By Adam Z. Lein | April 3, 2012 9:01 PM
First off let’s compare the pricing. The Lumia 900 is available from AT&T for $99 with a new contract, or $49 from Walmart, or $0.01 from Amazon. The Galaxy Nexus is much more expensive at $299.99 from Verizon with a new 2 year contract, though it can also be found from Amazon for $99.
Next, let’s talk about LTE speeds and battery life. I’ve found the AT&T LTE network to be a bit slower than Verizon’s LTE network, however AT&T seems to be more stable. I’ve seen the Galaxy Nexus lose its connection and never get it back numerous times. For battery life, the Galaxy Nexus is pretty good as long as you keep an eye on the apps. I left Facebook running a couple times and that killed the battery in 4 hours, but if I keep things managed it can last around 16 hours. The Lumia 900 on the other hand, has consistently gotten me at least 24 hours of battery life in my normal usage scenarios. Granted you can get an extended battery for the Galaxy Nexus where as you’re stuck with the Lumia 900′s battery since it’s non-removable.
One reason for the weaker battery life on the Galaxy Nexus is its high resolution 720p screen. With 1280 x 720 pixels at a 316 pixels per inch, the Galaxy Nexus has a lot more pixel pushing to do. That’s going to take up more battery life, but it’s also going to slow things down.

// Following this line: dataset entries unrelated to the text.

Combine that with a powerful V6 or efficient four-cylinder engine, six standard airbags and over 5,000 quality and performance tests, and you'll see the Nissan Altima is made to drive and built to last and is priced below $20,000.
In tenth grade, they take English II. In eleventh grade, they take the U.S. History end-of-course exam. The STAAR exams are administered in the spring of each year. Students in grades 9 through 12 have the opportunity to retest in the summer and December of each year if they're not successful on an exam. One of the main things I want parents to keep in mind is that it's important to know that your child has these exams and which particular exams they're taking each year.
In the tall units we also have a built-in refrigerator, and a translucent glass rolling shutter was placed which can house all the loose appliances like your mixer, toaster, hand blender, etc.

The Lumia 900 with its 480 x 800 pixel screen is a bit faster at moving through web pages and rendering HTML5 animations. That’s with a single core 1.4 Ghz processor too, versus the dual core 1.2 Ghz processor of the Galaxy Nexus. When you look at the screens side by side you definitely see the difference in the higher resolution Super AMOLED HD screen of the Galaxy Nexus. Still, you do get great blacks and saturated colors on the Lumia 900 and the resolution difference doesn’t really detract much from the functionality.
When it comes to the camera software, Nokia’s Lumia 900 gets to the camera a bit faster, but the Galaxy Nexus is much quicker with its lack of shutter lag.

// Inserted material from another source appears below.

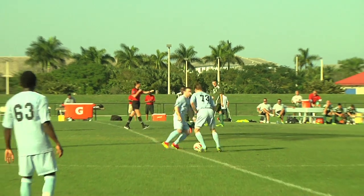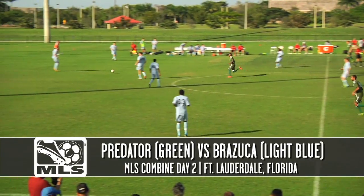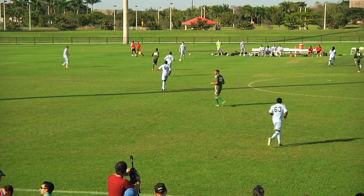In the second game of Day 2 of the 2014 Adidas MLS Combine, Team Predator in green took on Bazooka in white.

Both devices are quite responsive when launching apps. One issue with the Galaxy Nexus and its higher resolution screen is that some apps and games such as Angry Birds really aren’t designed to take advantage of the higher resolution and end up with tiny buttons. Not having variable screen resolutions is an advantage for Windows Phone in that respect.
In terms of build quality, while the Galaxy Nexus does feel more solidly built than other Samsung devices, its backing still feels pretty cheap. This is not true with the Lumia 900 at all. The Lumia feels like it could withstand quite a beating and keep on going.
The bottom line is the Nokia Lumia 900 packs an impressive punch for its low $99 price tag when compared to the $300 Galaxy Nexus.